The chief concern remains assisting the stricken in Tohoku, but throughout the rest of the country, life has largely picked up where it left off ten days ago. From where I sit in central Tokyo, the most immediate threat to my well-being is the precipitous rise in coffee prices.

And so Japan has fallen below the fold. Fair enough that the eyes of the world have drifted elsewhere. Sectarian violence continues in Côte D'Ivoire, the West continues its feeble bet-hedging regarding the democratic uprising in Bahrain, and then of course there's that other oil-rich autocracy descending into blood-swamp anarchy: Libya. Having been a second-banana boogieman for forty years, Qaddafi is finally the world's top-billed despot. If the wanton slaughter of his own citizens wasn't enough to turn news network talking heads, then NATO nations' swift assault on Libya guarantees round-the-clock coverage. After all, when was the last time the French took the lead militarily? That itself is news-worthy.

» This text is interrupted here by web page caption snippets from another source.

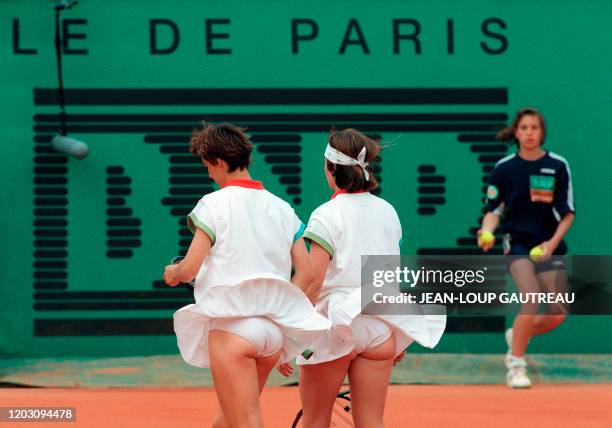 The wind uncovers the panties of French women's double team Julie Halard and Nathalie Tauziat during their French Open semifinal match against...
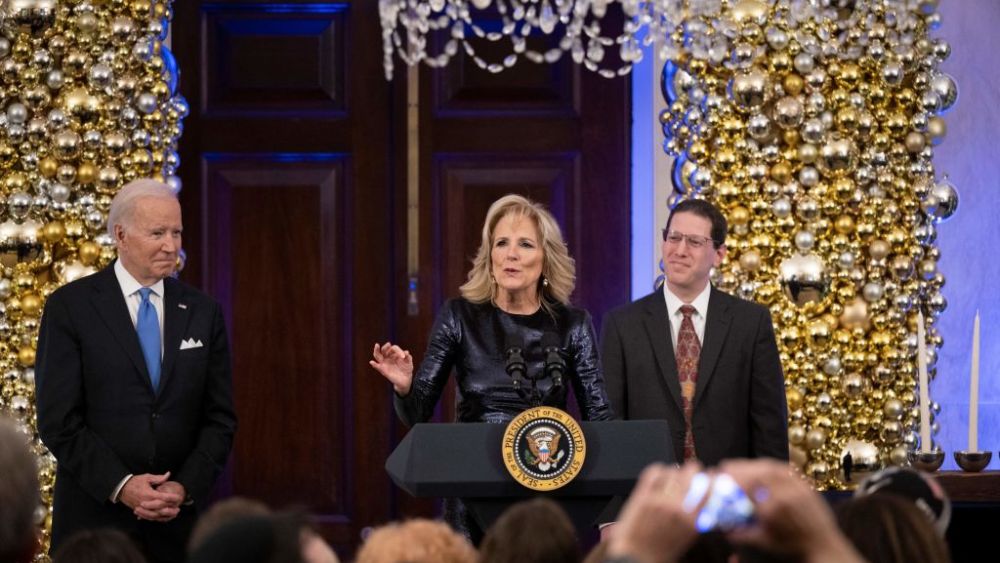 US President Joe Biden and Rabbi Charlie Cytron-Walker listen while US first lady Jill Biden speaks during a Hanukkah Holiday Reception in the Grand Foyer of the White House in Washington, DC, December 19, 2022. (Photo by Brendan Smialowski / AFP) (Photo by BRENDAN SMIALOWSKI/AFP via Getty Images)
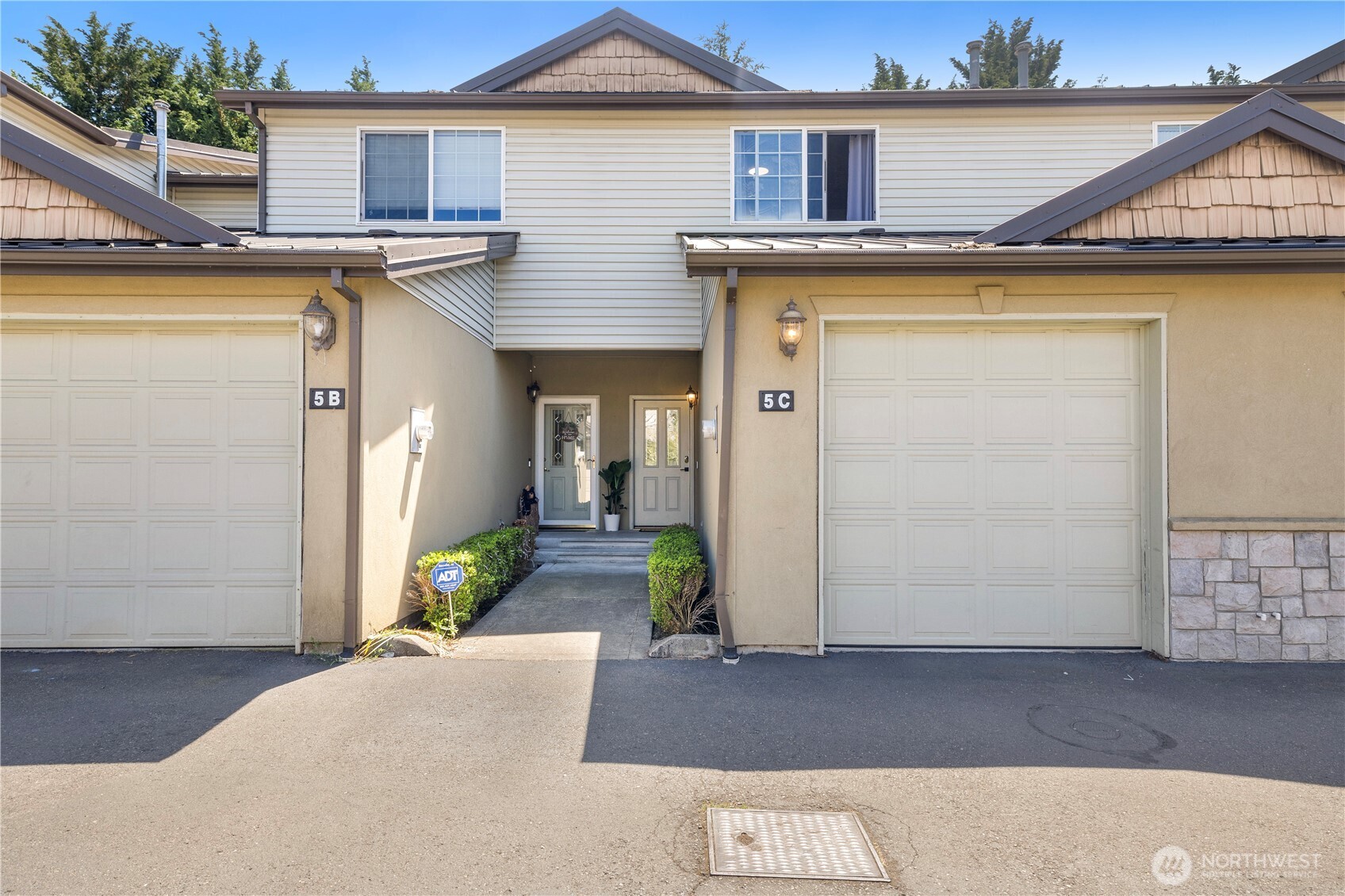 Unit 5C on the right side. The garage leads into  the home from the inside.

The speed with which France attacked Libya while fleeing Japan seems paradoxical, but it's all part of Sarkozy's renewed effort to appear authoritative in the run-up to next year's election. Sarkozy's credibility hinges upon his actions in Libya: not only was Foreign Minister Michele Alliot-Marie forced to resign after vocally supporting the since-deposed Tunisian regime, Qaddafi's son is now claiming to have contributed to Sarkozy's 2007 election campaign.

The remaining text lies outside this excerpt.